3 ticket resellers sue Madison Square Garden for canceling season tickets
Larry Hutcher, Co-Founder and Co-Managing Partner of DHC, is representing ticket resale firms suing Madison Square Garden for canceling their Knicks and Rangers season tickets. Read more as reported by the New York Daily News below:
Three ticket resale firms sued Madison Square Garden on Thursday for canceling their season tickets and forcing customers to buy those seats through the Garden’s company.
The firms say they’ve had an arrangement with the Garden for 15 years to buy the same season seats and the new policy violates MSG’s promise of renewal rights as well as a 2007 city law that “created a free market for the resale of tickets to sporting and theatrical events.”
Larry Hutcher, the lawyer for the three firms, said thousands of tickets are at stake for Knicks and Rangers games — in all price ranges — but the net effect on fans will be higher costs as the Garden put a floor under prices for the hotly sought seats.
Hutcher said the lawyers will seek a temporary restraining order in Manhattan Supreme Court on Friday or Monday.
Madison Square Garden spokeswoman Kimberly Kern issued a statement saying “this lawsuit is without merit. … We are confident the court will come to the same conclusion.”
Smile For Kids, S4K Entertainment Group and JAJ Executive Services say “a significant portion” of their revenue comes from the resale of Knicks and Rangers tickets to individual and corporate clients.
They also said MSG is refusing to renew their season tickets solely because they are resellers, even though they have been buying the same seats for 15 years and investing in the teams by purchasing boxes.
The new policy limits people to purchasing eight season tickets.
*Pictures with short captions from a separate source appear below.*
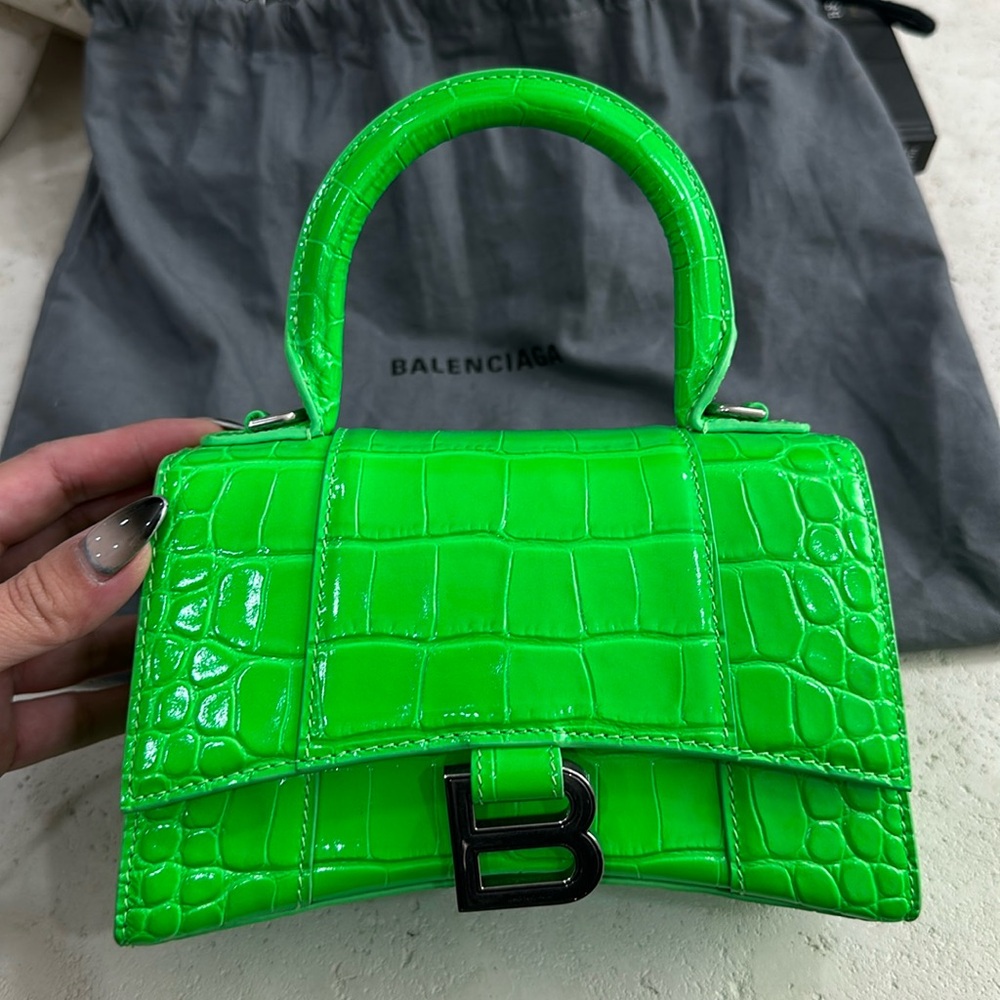 Brand new neon balenciaga hourglass bag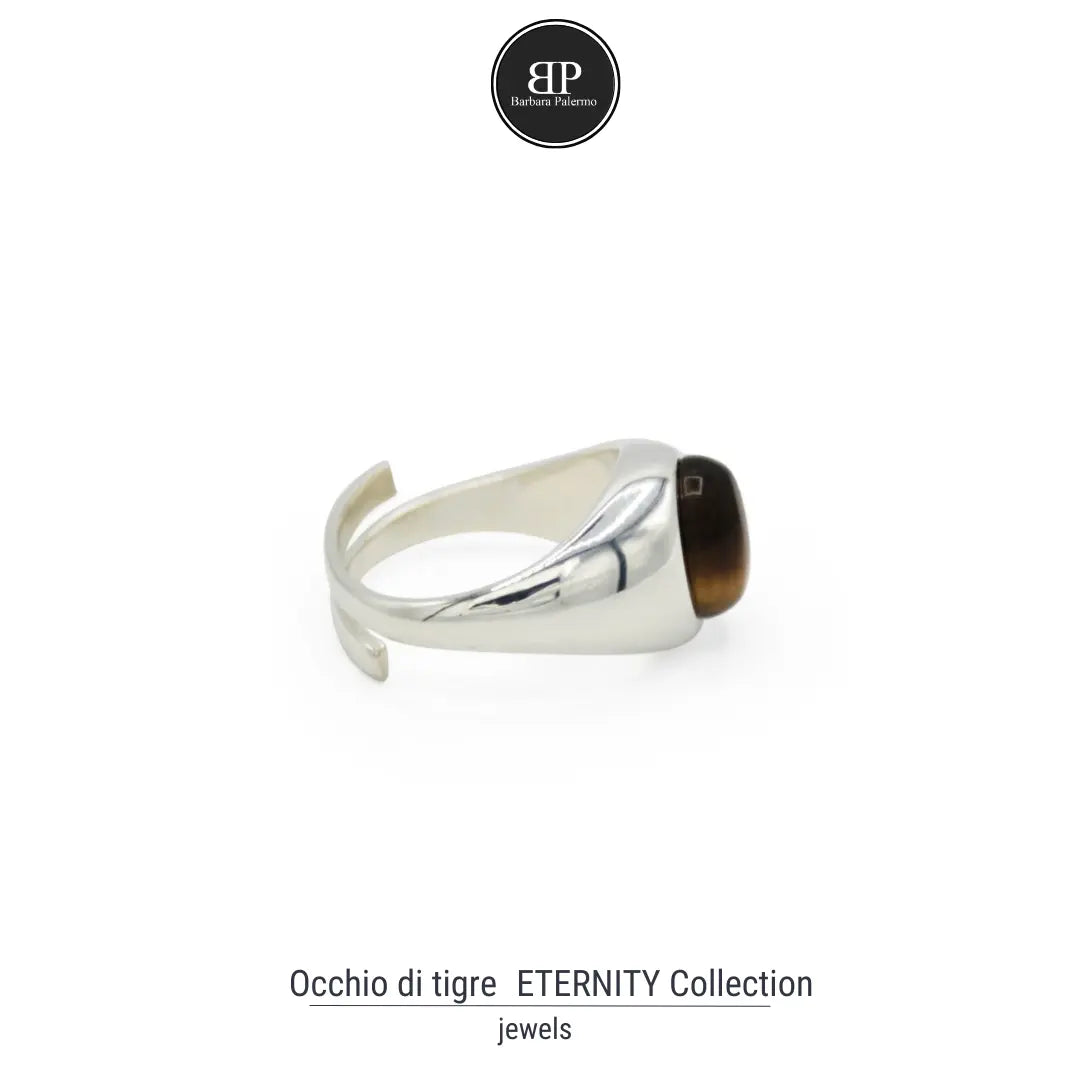 Anello Eternity con Pietra Occhio di Tigre – Potenza e Stile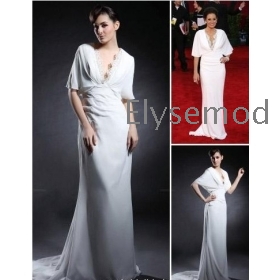 Kara DioGuardi Sheath/ Column V-neck Sweep/ Brush Train Batwing Sleeve Chiffon Emmy/ Evening Dress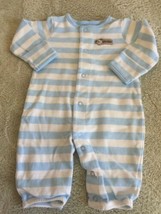 Just One Year Boys White Blue Striped Dog Long Sleeve Pajamas 3 Months - $3.92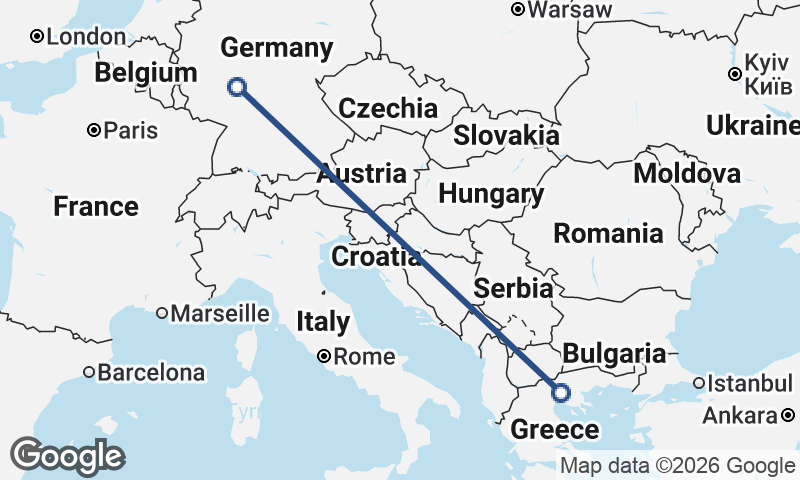 Thessaloníki to Frankfurt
The companies were notified of the policy March 30 when they were told that they could not renew their subscriptions.
Ezra Azizo, president of Smile 4 Kids, said in an affidavit that MSG defended its position by saying the policy ensures “many of their valued fans” will now be able to buy tickets. He called that a “pretext.”
“MSG seeks to destroy ticket resellers by depriving them of inventory. Once the resellers are destroyed, MSG can reclaim inventory and collect additional fees and revenue by steering all ticket resales through its resale partner, TicketsNow.com.”
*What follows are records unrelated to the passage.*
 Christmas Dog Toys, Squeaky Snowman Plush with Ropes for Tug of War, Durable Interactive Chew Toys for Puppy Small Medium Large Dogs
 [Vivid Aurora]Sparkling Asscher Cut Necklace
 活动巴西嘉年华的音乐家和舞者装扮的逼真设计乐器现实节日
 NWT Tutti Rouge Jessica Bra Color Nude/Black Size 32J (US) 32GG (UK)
He said the result will be higher prices because while resellers can sell a $50 ticket for $10 when demand is low, MSG won’t sell it for less than $50. He said luxury $800 seats can be sold in the market for as little as $250, but MSG won’t go below $500.
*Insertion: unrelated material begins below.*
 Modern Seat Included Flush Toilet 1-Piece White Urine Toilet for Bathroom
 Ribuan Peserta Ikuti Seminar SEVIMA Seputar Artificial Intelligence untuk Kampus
“Our ticket policy simply limits the amount of tickets an individual can own or control in order to give many more fans access to Knicks and Rangers games. There is no restriction on the resale of tickets — any ticket we sell can be resold in any manner a buyer chooses. We do not single out professional sellers — they are able to buy tickets just like anyone else, and have the same ticket limits as everyone else,” the Garden said in its statement.